Exercise details:
For this exercise, write out only the lines of the entries below from the one with "Let's answer these" up to and including the one with "in Linux and", exactly as they are. Pictures stay out.

Source information:
━━━━

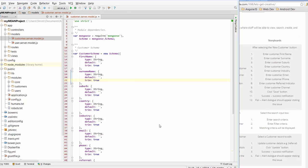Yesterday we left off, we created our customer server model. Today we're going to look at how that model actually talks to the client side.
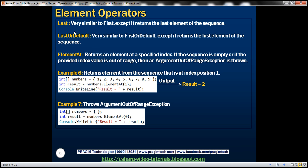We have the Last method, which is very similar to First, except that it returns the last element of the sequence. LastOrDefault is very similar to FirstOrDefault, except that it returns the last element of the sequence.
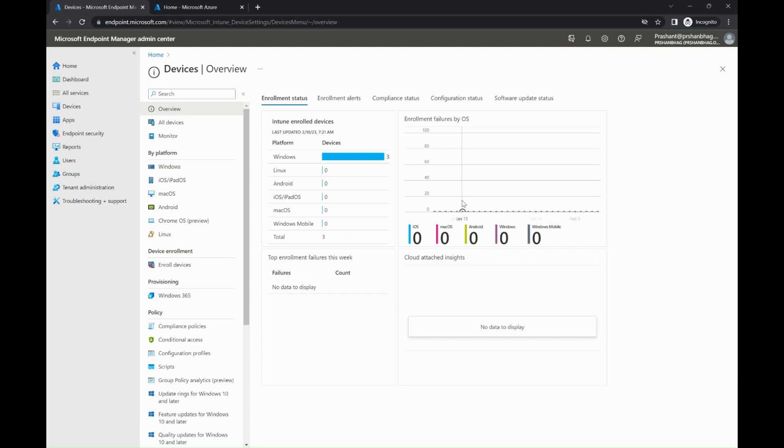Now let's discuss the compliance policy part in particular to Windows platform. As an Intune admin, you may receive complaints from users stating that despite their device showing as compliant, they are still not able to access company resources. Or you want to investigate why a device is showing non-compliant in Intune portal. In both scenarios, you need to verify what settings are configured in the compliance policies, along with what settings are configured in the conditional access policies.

━━━━

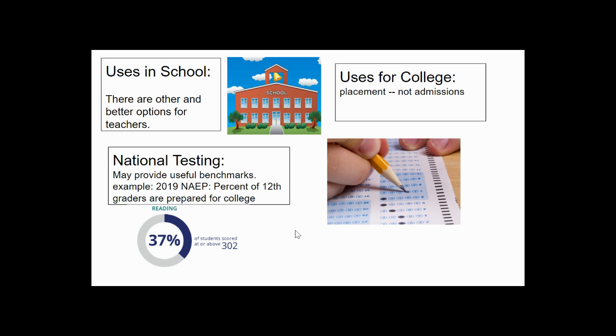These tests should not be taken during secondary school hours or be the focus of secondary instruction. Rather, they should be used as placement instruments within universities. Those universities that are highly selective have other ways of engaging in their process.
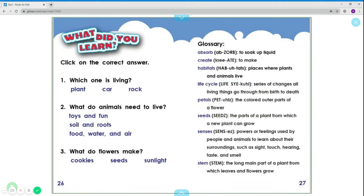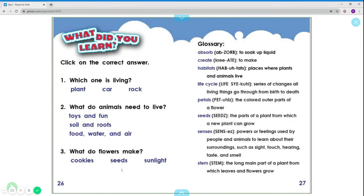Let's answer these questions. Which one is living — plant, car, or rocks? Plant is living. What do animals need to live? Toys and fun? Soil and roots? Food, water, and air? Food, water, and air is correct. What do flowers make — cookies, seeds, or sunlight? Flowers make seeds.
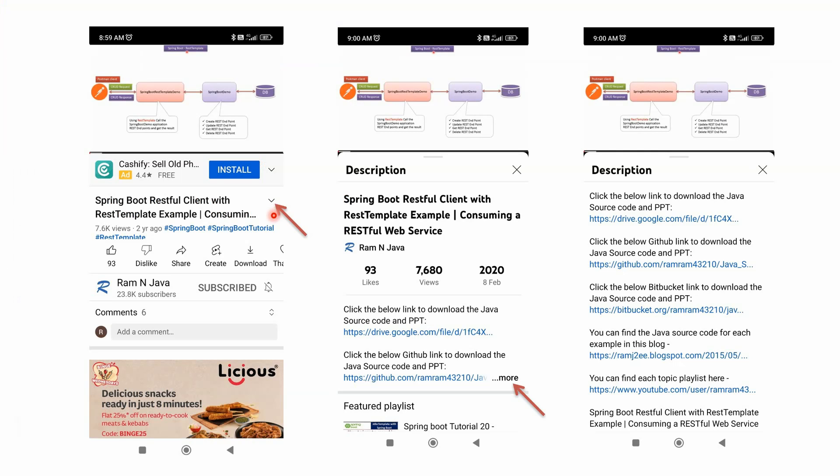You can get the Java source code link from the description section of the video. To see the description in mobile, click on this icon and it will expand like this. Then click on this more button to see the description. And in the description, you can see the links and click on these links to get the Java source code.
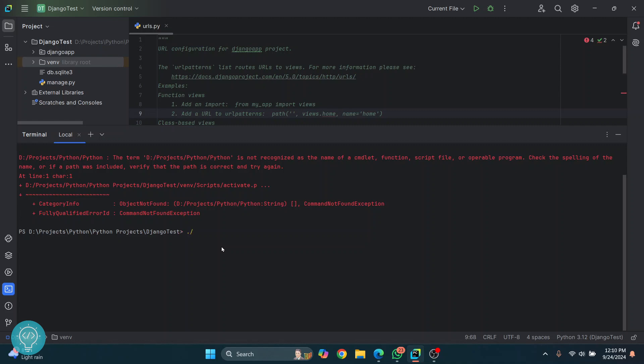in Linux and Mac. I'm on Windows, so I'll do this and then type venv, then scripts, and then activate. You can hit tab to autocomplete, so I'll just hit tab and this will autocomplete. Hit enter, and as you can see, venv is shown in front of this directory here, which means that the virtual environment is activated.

━━━━

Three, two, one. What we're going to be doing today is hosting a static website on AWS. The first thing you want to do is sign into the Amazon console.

━━━━

Problem solution:
Let's answer these questions. Which one is living — plant, car, or rocks? Plant is living. What do animals need to live? Toys and fun? Soil and roots? Food, water, and air? Food, water, and air is correct. What do flowers make — cookies, seeds, or sunlight? Flowers make seeds.
You can get the Java source code link from the description section of the video. To see the description in mobile, click on this icon and it will expand like this. Then click on this more button to see the description. And in the description, you can see the links and click on these links to get the Java source code.
in Linux and Mac. I'm on Windows, so I'll do this and then type venv, then scripts, and then activate. You can hit tab to autocomplete, so I'll just hit tab and this will autocomplete. Hit enter, and as you can see, venv is shown in front of this directory here, which means that the virtual environment is activated.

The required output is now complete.